Gaddis published Birdman of Alcatraz in 1955. It is considered one of the nation's notable prison biographies. He explored the life of Robert Stroud, a grandson of a federal judge. Stroud was convicted of murder in Alaska and first sentenced to Leavenworth Federal prison in Kansas. After stabbing a guard to death in prison, Stroud was sentenced to life imprisonment in solitary confinement.

While in solitary in Leavenworth, Stroud became an expert on birds. He cared for them in his cell and learned independently about how to treat their diseases. He wrote Stroud's Digest of the Diseases of Birds in Leavenworth from 1939 to 1941. After he was transferred to Alcatraz, he was not allowed to keep any birds.

Gaddis's book was loosely adapted as the 1962 film Birdman of Alcatraz, starring Burt Lancaster as Stroud.

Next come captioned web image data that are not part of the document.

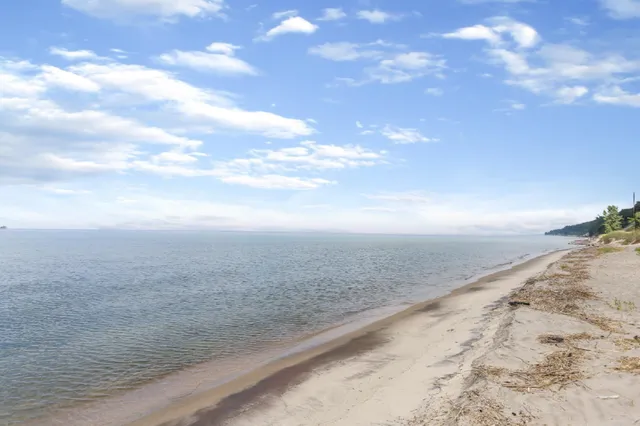 $1,800 | 4805 Rosabelle Beach Avenue, Holland, MI 49424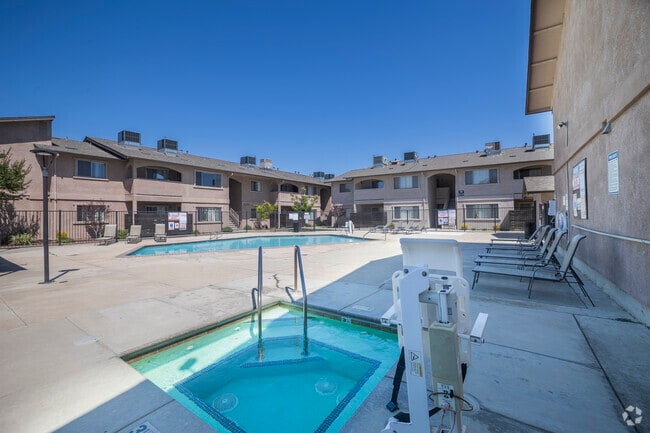 Pool - Vista Verde Apartments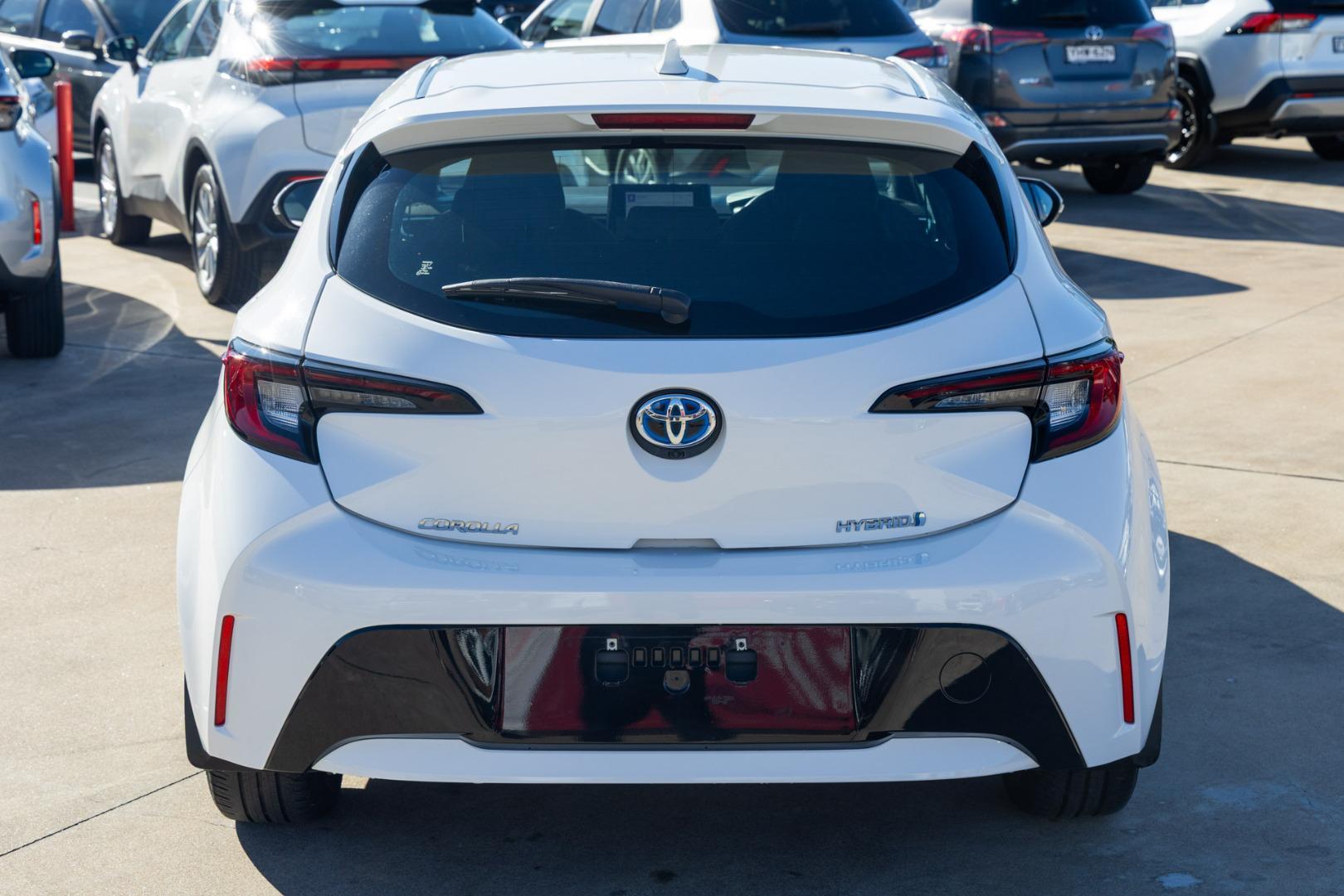 2023 Toyota Corolla Ascent Sport in White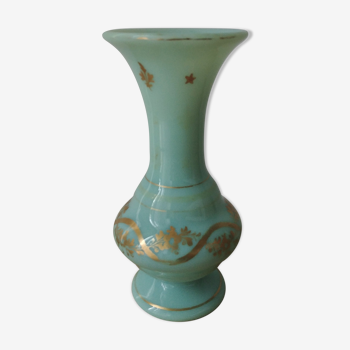 Napoleon III opaline vase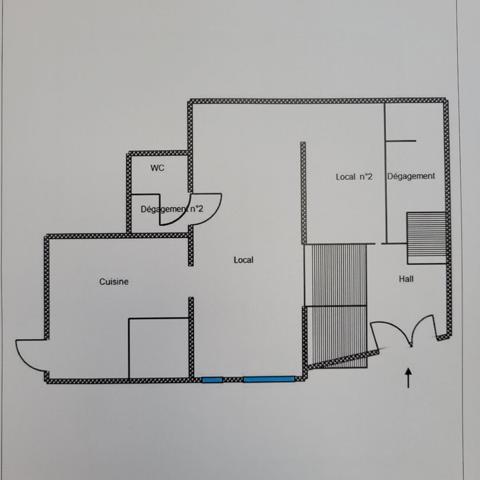 Local commercial Grasse 80.65 m2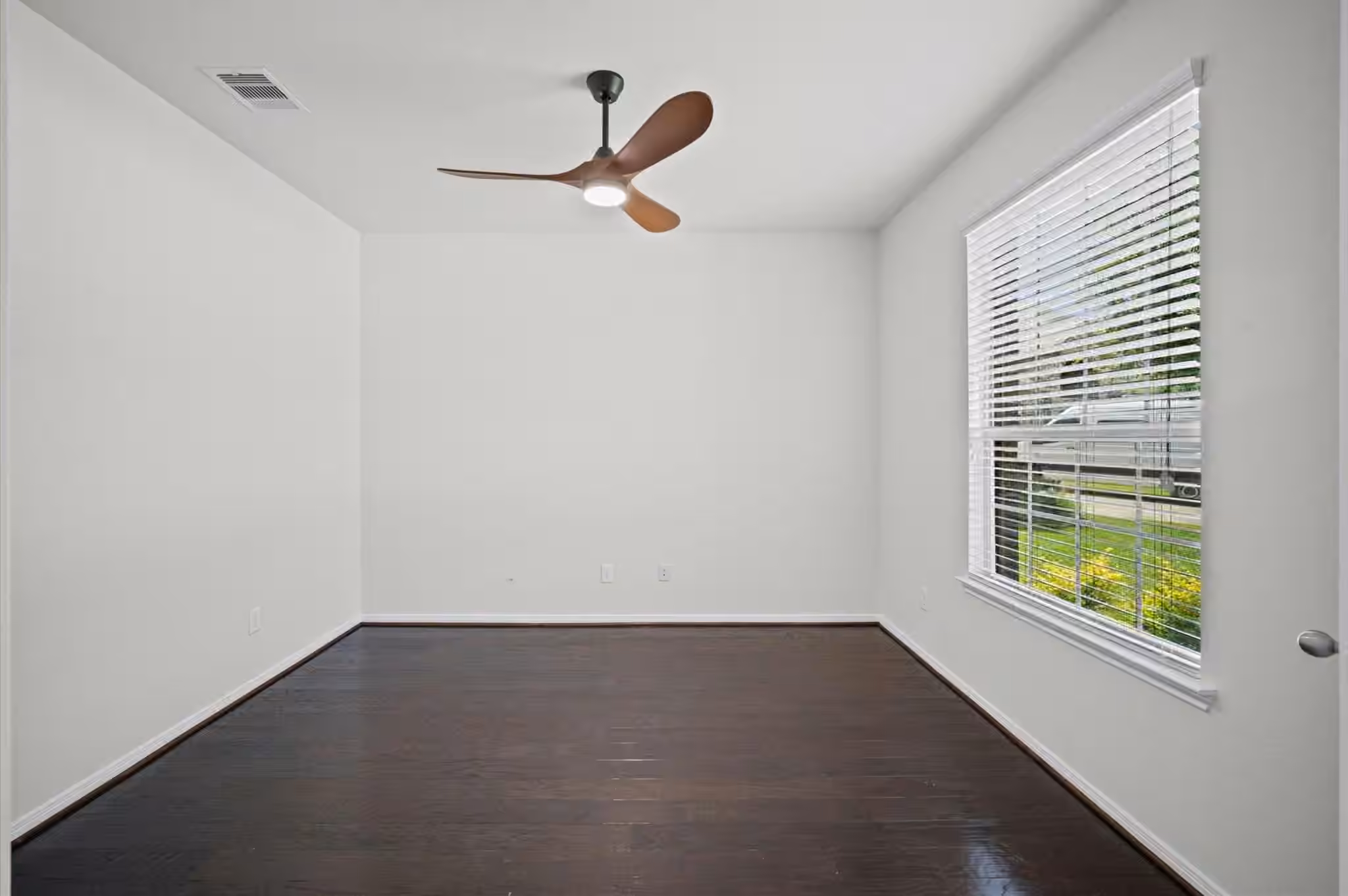 Photo 6 of 5635 Glenfield Spring Lane, Spring, TX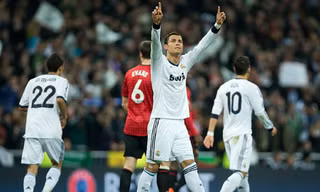 Ronaldo ghi bàn, Real vẫn không thể đánh bại MU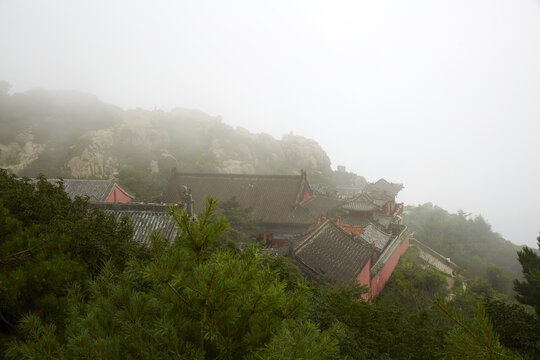 迷雾中的泰山古建筑风光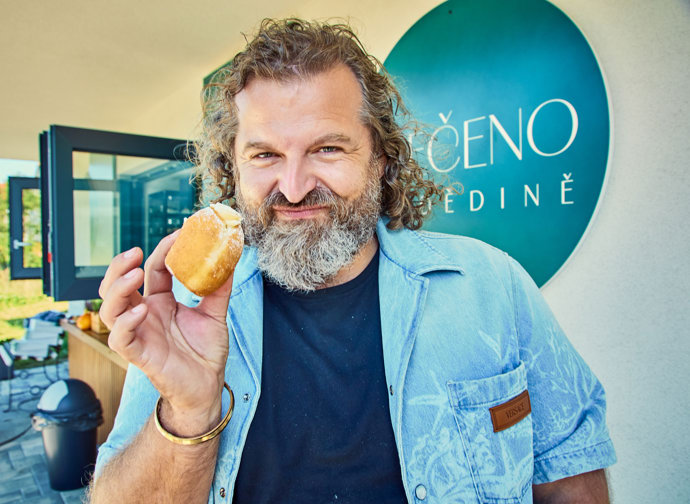 Zlatým hřebem jsou ovšem koblihy plněné vanilkovým krémem.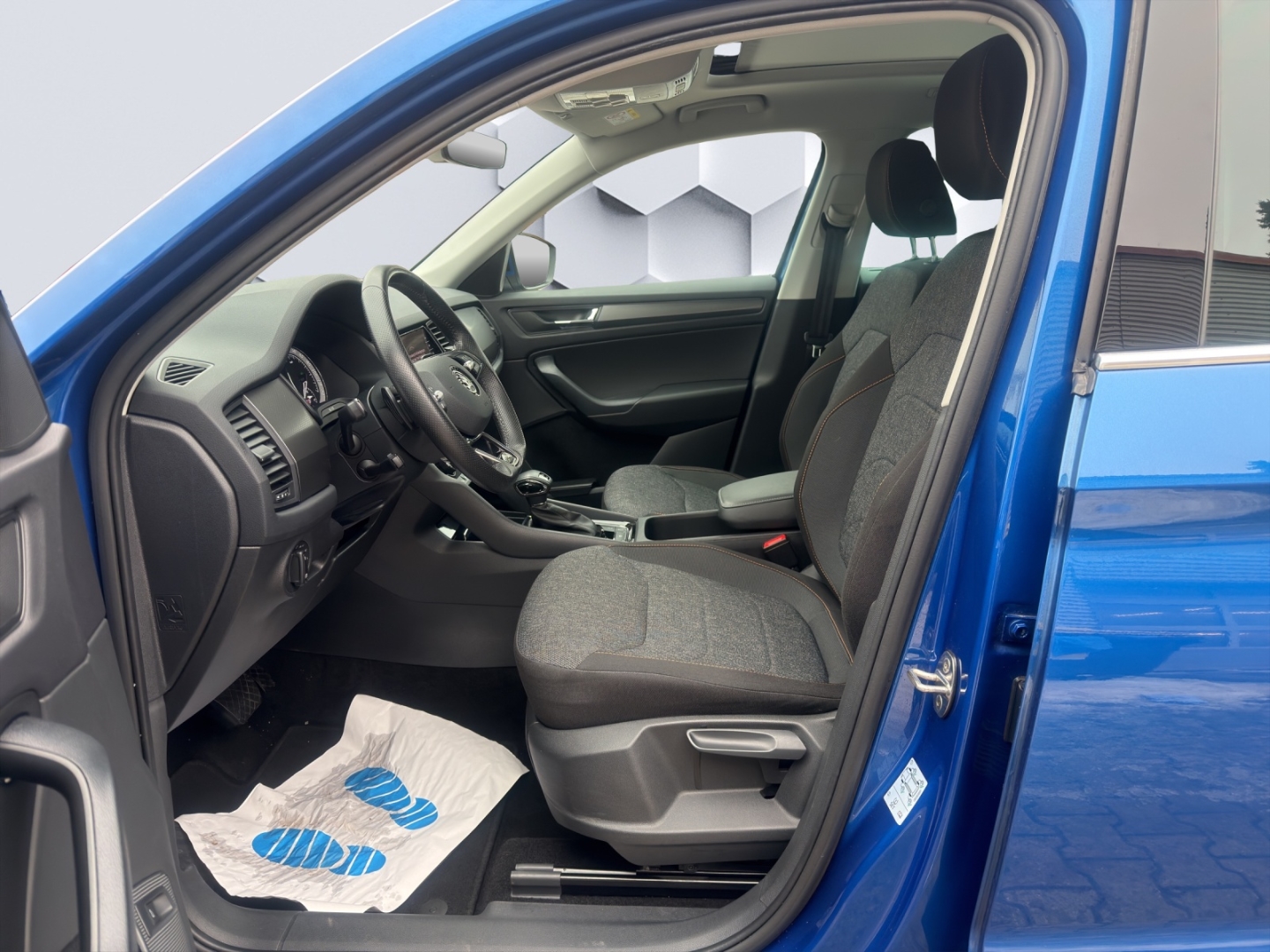 Kodiaq Ambition 4x4 2.0TFSI AHZV LED ACC Rückfahrkamera ParkLenkAssist Sitzheizung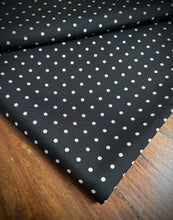 Cargar imagen en el visor de la galería, Walker Slater foulard à pois double face en laine et soie Made in England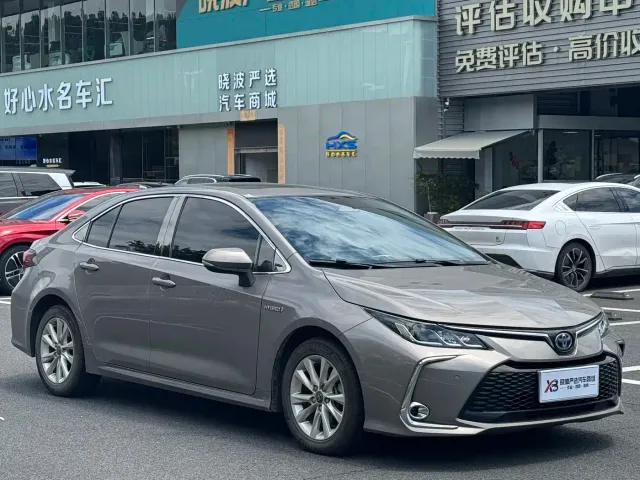 Toyota Corolla — Фото автомобиля 3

Gaddis was portrayed by Edmond O'Brien.

Gaddis is known for the following quote:

"Alcatraz, the federal prison with a name like the blare of a trombone, is a black molar in the jawbone of the nation's prison system."

=== Later career ===
Later in life, Gaddis worked as an educator at Reed College from 1962 to 1965, as well as a court consultant and psychologist, in addition to writing.

== Death ==
Gaddis died in Portland, Oregon, on October 10, 1984, at age 76.